[[ INFORMATION SHOWN, beginning ]]

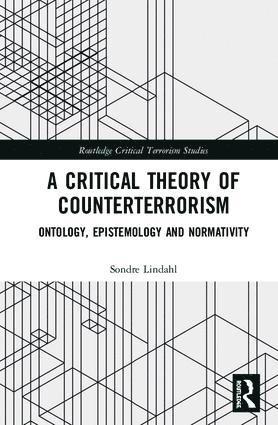 bokomslag Critical Theory of Counterterrorism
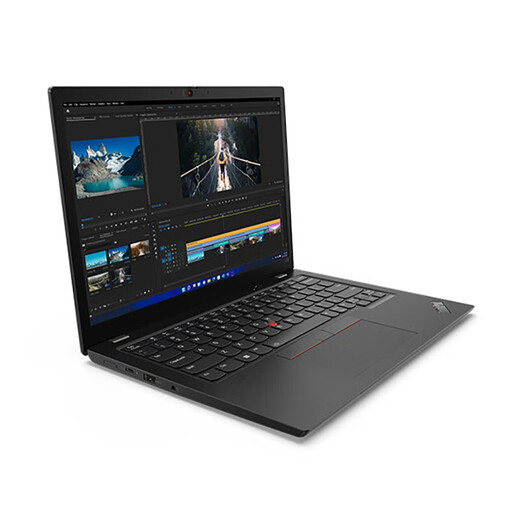 联想ThinkPad L13酷睿 13.3英寸12代酷睿i5商用大客户便携轻薄本二手笔记本电脑 13代i7-1365U 16G内存  512G固态 全国联保   定制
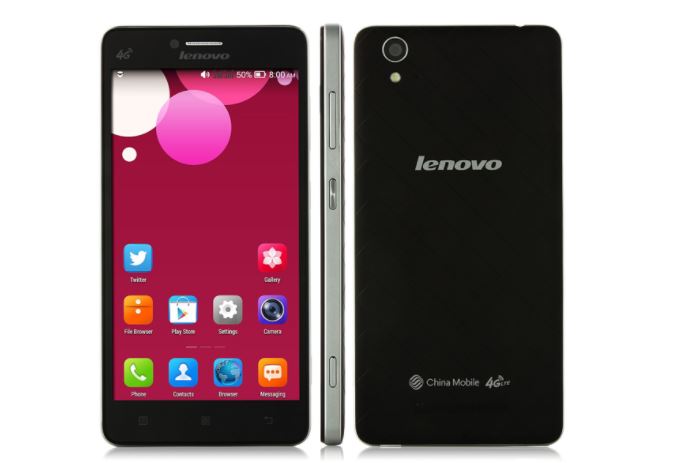 How To Root and Install TWRP Recovery On Lenovo A858T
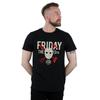 Friday 13th Mens Day Of Fear T-Shirt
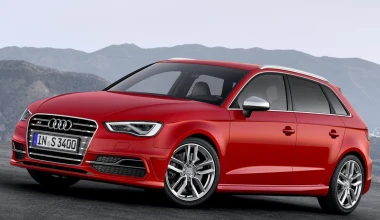 Audi S3 Sportback 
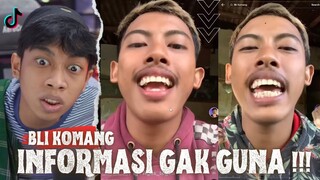 OZIIE FULL EMOSI NONTON INI‼️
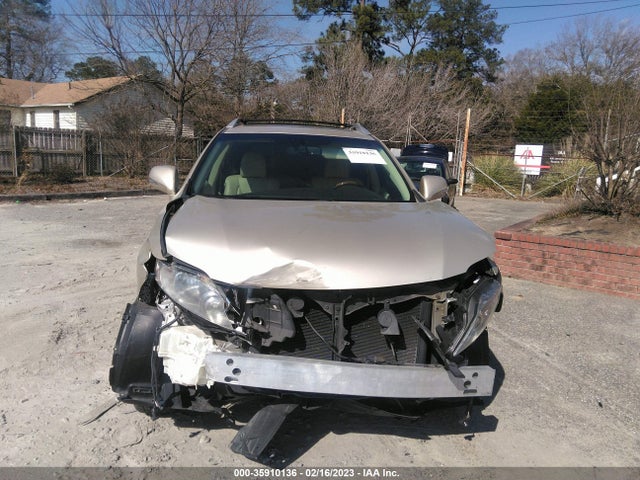 2T2ZK1BA6BC047020 Lexus RX 350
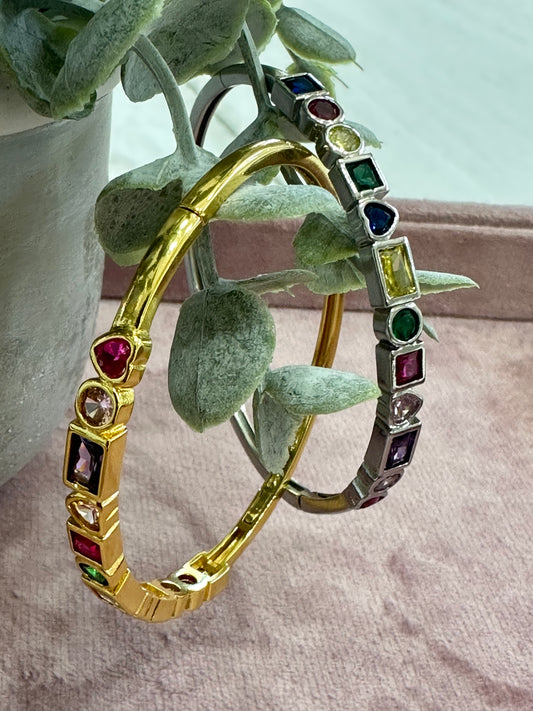 Dianne Multicolor Bracelet-G34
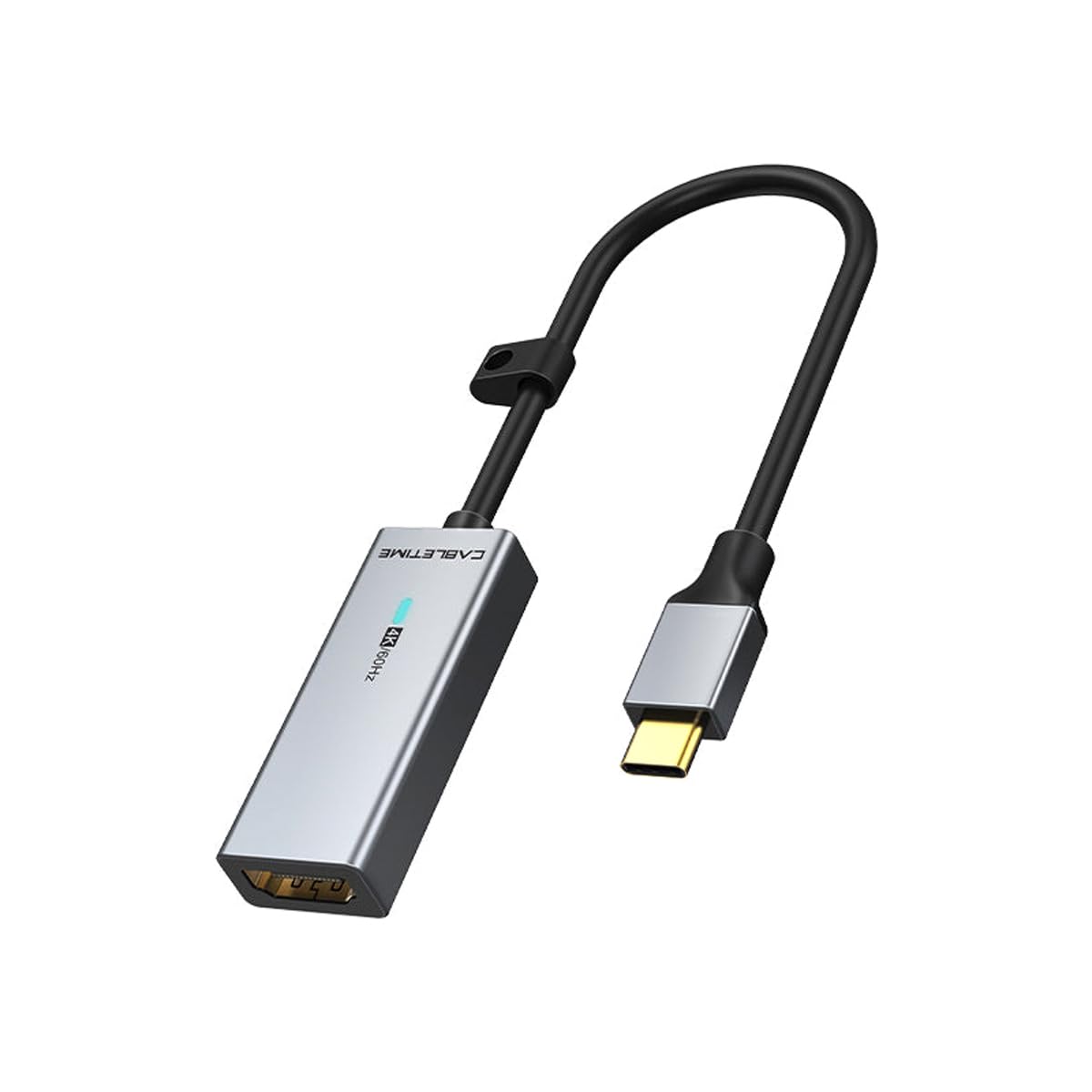 USB Type C Male To HDMI Female Adapter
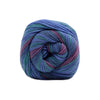 Cascade Yarns Heritage Prints - 163 - Jewel Stripe Swatch 886904077047 | Yarn at Michigan Fine Yarns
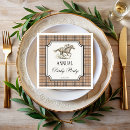 Search for brown plaid napkins Gingham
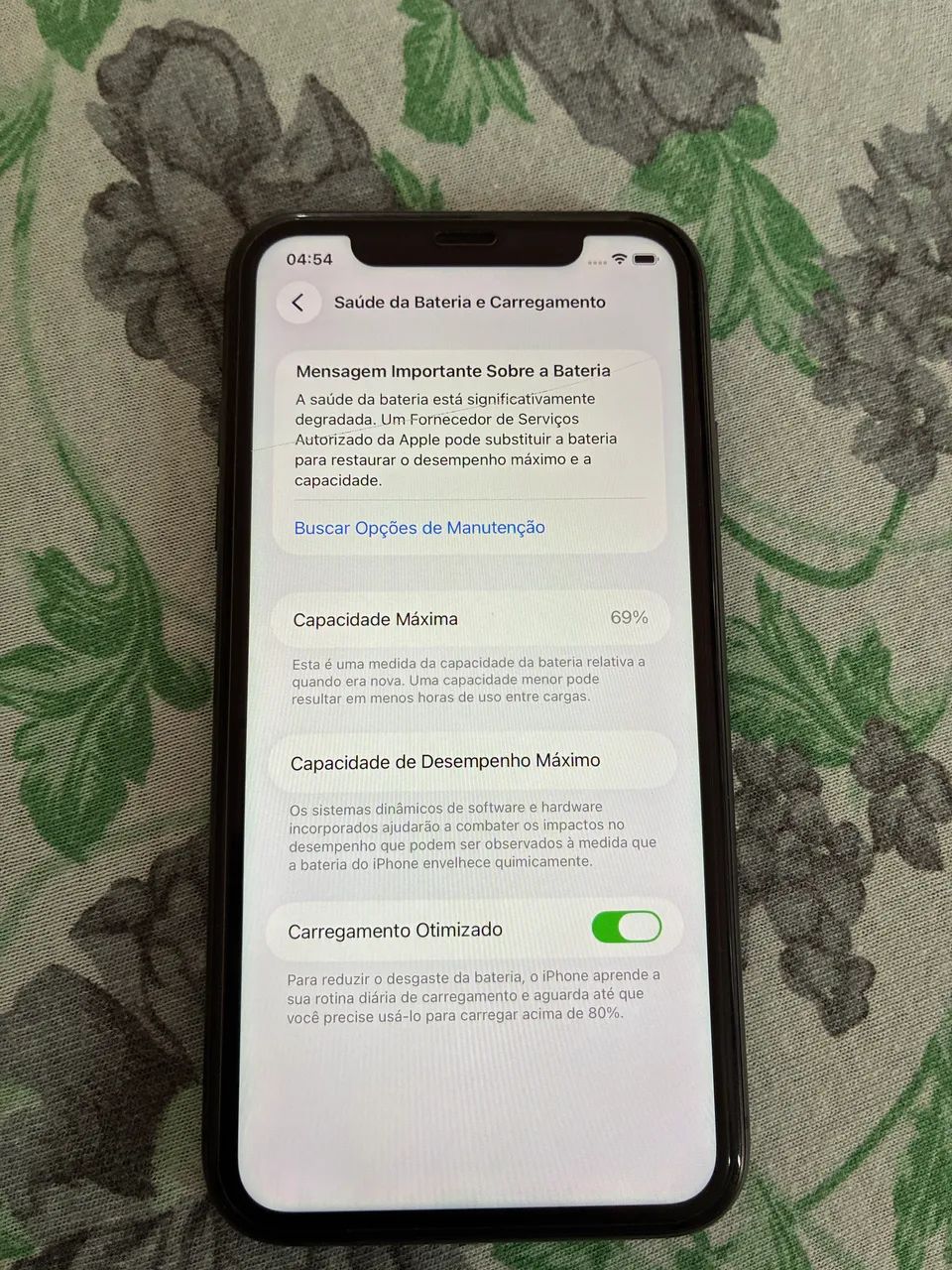 iPhone 11 128GB Preto conservado - Foto 2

[[ INFORMATION SHOWN, end ]]

WHAT IS NEEDED: Please return each line of the listing exactly as written, excluding the images.

EXERCISE RESPONSE:
 bokomslag Critical Theory of Counterterrorism
 联想ThinkPad L13酷睿 13.3英寸12代酷睿i5商用大客户便携轻薄本二手笔记本电脑 13代i7-1365U 16G内存  512G固态 全国联保   定制
 How To Root and Install TWRP Recovery On Lenovo A858T
 Friday 13th Mens Day Of Fear T-Shirt
 Audi S3 Sportback 
 OZIIE FULL EMOSI NONTON INI‼️
 2T2ZK1BA6BC047020 Lexus RX 350
 Dianne Multicolor Bracelet-G34
 USB Type C Male To HDMI Female Adapter
 Cascade Yarns Heritage Prints - 163 - Jewel Stripe Swatch 886904077047 | Yarn at Michigan Fine Yarns
 Search for brown plaid napkins Gingham
 iPhone 11 128GB Preto conservado - Foto 2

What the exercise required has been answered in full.